• _Task details_:
Your reply must hold the lines from the one containing "Conjunto Plus Size Feminino" to the end of the entries, copied exactly, with pictures excluded.
------------------------------------------------
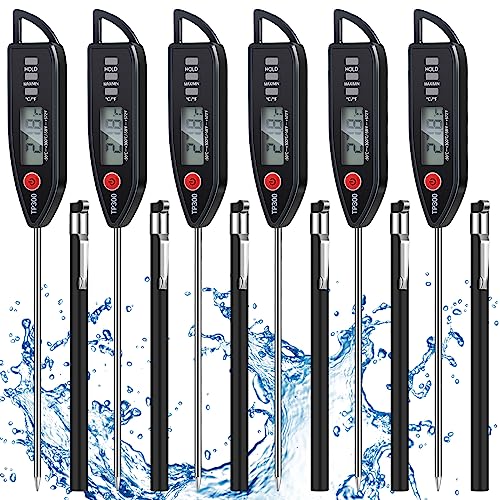 6 Set Digital Food Thermometer Long Probe Instant (6 Count)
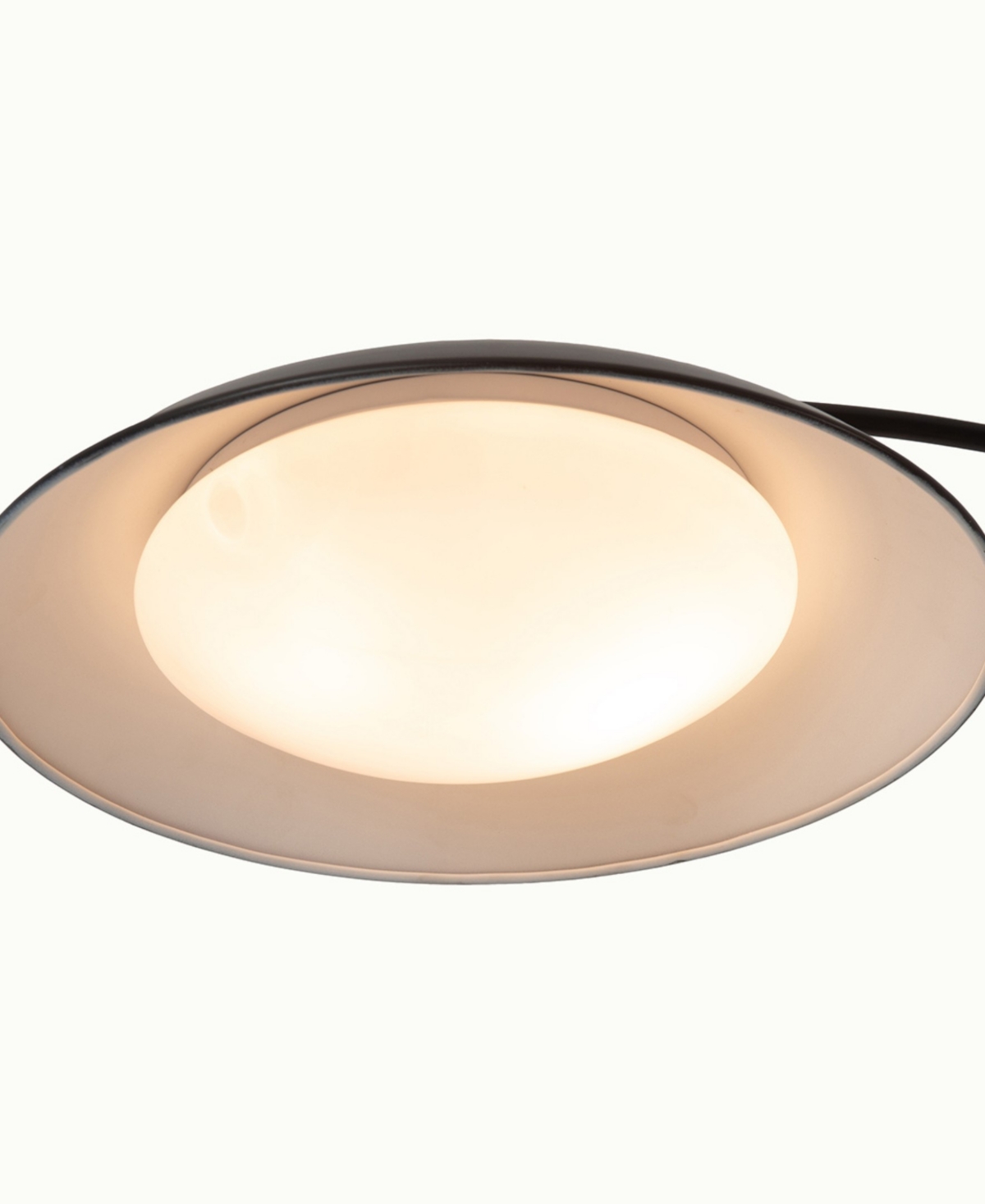 Nova Of California 92" Metal Saucer 3 Light Arc Floor Lamp In Black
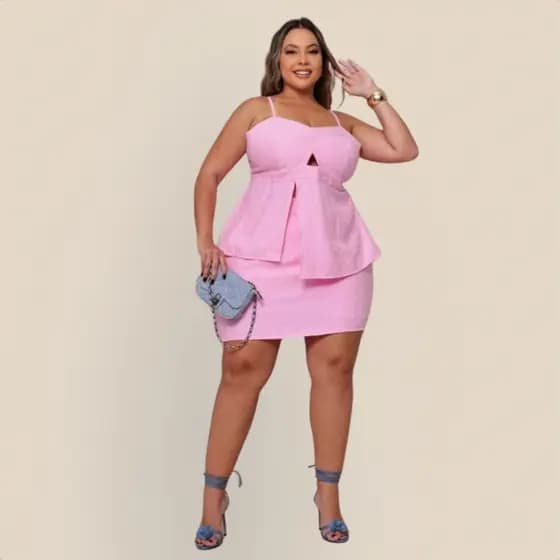 Conjunto Plus Size Feminino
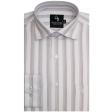 Stripes Mauve Shirt : Business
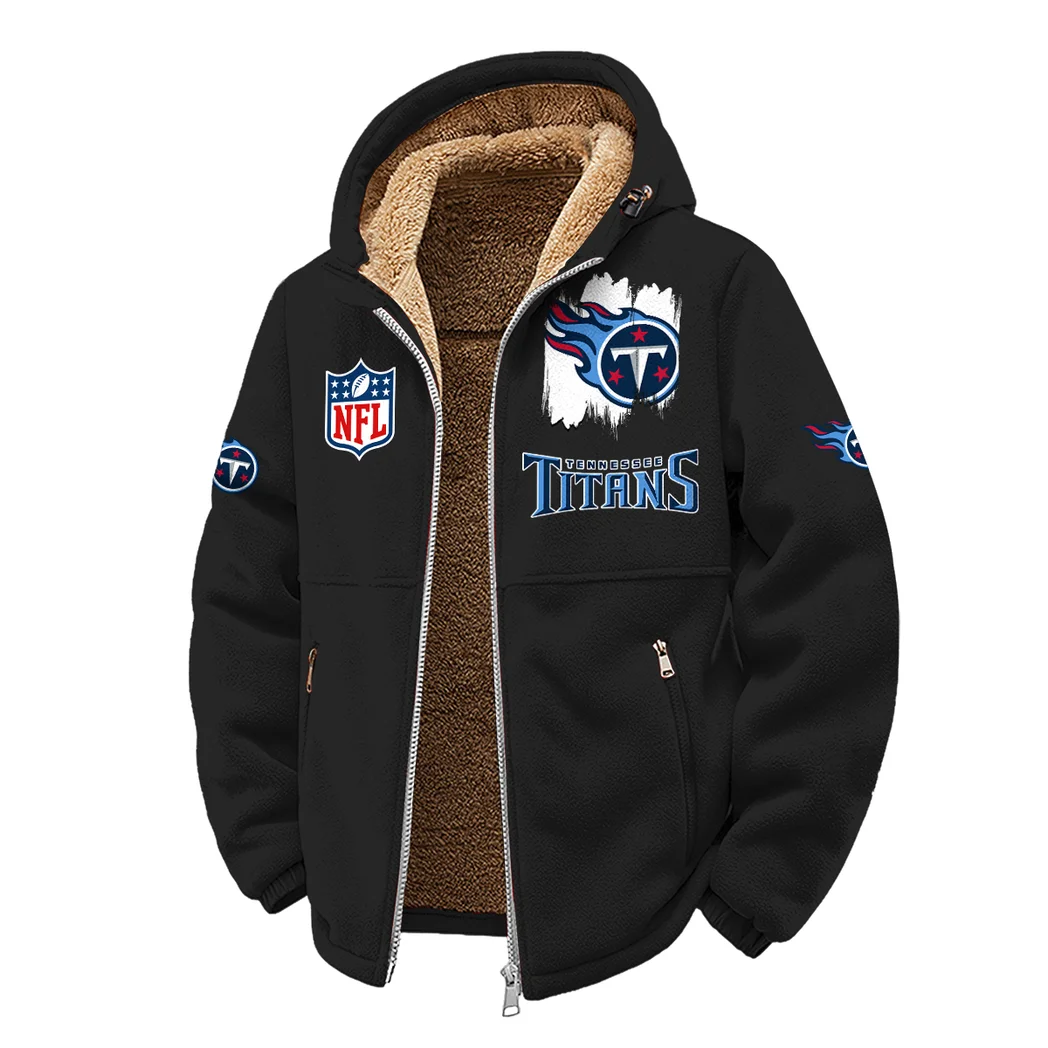Blue Pride Winter Fleece Jacket, Thermal Winter Fleece HVN1453TT - Black - Image 2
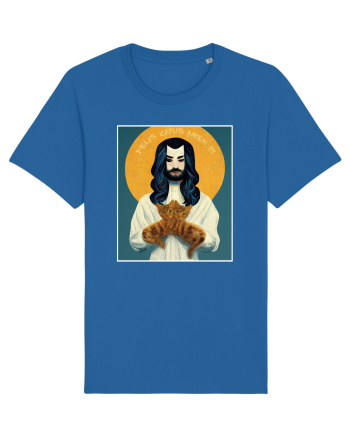 jesus cu pisici Royal Blue
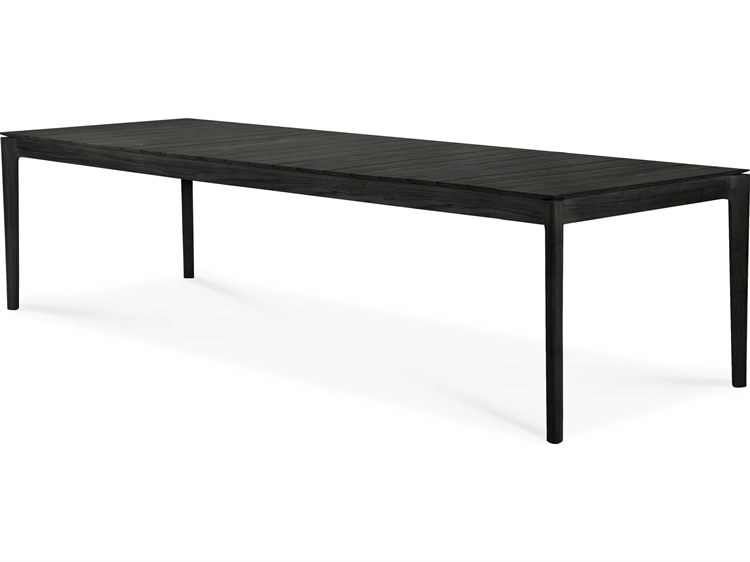 Ethnicraft Outdoor Bok Teak Black Dining Table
------------------------------------------------
• _Expected output_:
 Conjunto Plus Size Feminino
 Stripes Mauve Shirt : Business
Blue Pride Winter Fleece Jacket, Thermal Winter Fleece HVN1453TT - Black - Image 2
 jesus cu pisici Royal Blue
 Ethnicraft Outdoor Bok Teak Black Dining Table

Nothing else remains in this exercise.